The question was the starting point.

 

“Know and understand this: From the issuing of the decree to restore and rebuild Jerusalem until the Anointed One, the rule, comes, there will be seven “sevens” and sixty-two sevens”. It will be rebuilt with streets and a trench, but in times of trouble”. Daniel 9:25

 

In Ezra 7:7-9 it reads

“went up to Jerusalem in the seventh year of King Artaxerxes”.

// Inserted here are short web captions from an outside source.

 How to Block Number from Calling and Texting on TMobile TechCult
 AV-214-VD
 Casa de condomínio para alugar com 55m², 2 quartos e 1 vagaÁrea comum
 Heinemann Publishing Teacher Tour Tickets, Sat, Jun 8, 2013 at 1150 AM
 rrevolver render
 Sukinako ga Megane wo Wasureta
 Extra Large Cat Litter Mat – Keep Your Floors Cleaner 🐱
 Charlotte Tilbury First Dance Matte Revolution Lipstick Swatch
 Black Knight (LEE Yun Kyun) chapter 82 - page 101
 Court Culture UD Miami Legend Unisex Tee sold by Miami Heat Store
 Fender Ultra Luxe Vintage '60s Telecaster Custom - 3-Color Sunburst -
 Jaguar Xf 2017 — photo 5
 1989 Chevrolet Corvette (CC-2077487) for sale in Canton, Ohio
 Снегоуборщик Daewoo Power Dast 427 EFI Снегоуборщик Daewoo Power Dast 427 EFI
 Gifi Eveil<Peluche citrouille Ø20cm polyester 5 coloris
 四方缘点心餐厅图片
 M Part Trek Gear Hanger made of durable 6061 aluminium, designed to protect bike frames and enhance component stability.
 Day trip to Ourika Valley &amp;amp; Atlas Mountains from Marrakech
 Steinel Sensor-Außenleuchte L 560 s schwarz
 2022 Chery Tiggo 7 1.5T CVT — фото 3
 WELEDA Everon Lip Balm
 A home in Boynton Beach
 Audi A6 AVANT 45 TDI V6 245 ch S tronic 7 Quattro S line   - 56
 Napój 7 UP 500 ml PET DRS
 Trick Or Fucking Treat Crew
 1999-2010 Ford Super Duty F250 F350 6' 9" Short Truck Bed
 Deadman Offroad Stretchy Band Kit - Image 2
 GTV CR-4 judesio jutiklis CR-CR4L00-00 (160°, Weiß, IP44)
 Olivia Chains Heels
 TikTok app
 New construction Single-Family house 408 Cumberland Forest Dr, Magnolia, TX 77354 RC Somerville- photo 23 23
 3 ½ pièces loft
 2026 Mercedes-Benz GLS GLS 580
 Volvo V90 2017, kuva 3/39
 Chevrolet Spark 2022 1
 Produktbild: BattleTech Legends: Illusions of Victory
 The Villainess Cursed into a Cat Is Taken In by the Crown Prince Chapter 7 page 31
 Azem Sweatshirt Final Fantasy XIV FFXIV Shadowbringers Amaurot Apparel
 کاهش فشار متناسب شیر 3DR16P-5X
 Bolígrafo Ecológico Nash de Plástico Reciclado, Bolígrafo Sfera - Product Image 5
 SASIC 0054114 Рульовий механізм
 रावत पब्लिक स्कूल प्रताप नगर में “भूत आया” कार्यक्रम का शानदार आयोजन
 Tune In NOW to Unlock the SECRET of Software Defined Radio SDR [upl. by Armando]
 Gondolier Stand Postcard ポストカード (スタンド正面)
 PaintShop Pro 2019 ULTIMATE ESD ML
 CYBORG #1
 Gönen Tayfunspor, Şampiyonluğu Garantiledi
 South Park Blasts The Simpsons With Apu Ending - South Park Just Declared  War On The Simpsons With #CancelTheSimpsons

It was the 27th of March 457 that they went to Jerusalem. “For on the first of the first month, he began to go up from Babylon” Ezra 7:9. “And he came to Jerusalem in the fifth month, which was in the seventh year of the king” (Ezra 7:8).

 

If 457 BCE is the starting-point for the 490 years, where will it lead us? 33. The transition between BC and AD is without two years. There is no 1 BC then 0 then 1 AD. There is not a 0 year. From 1 BCE the next will be 1 AD. The year is thus 34. That was the year in which Christ died on the cross. He was the One to make an end to sin and atone and He was the everlasting Righteousness thought of by Daniel.

 

“After the sixty two weeks [at the end of the 490 year period] the Anointed One will be cut off and will have nothing.” (Daniel 9:26). The Wise Men of the East was very intrigued and so we should be.

 

If this ruler was to come and die in 31 CE at the end of 490 years, how did they know He was to be born in 4 BCE?

 

“And He shall confirm a covenant with many one week. And in the middle of the week He shall make to stop sacrifice and offering” (Daniel 9:27).

 

For Him to make covenants at that time will mean that He started to work at the last week before 34 and that would mean 34 – 7 = 27. It is the year Christ was baptized by John the Baptist and when He started His work.

 

In Jewish custom, a man entered His public life at the age of 30. Thus, the Wise Men could find out His birth. 30 minus 27 AD = 4 BCE, the year Jesus was born.

 

The Wise Men knew the prophets since they cited to Herod from Micah 5:2 in Matthew 2:5.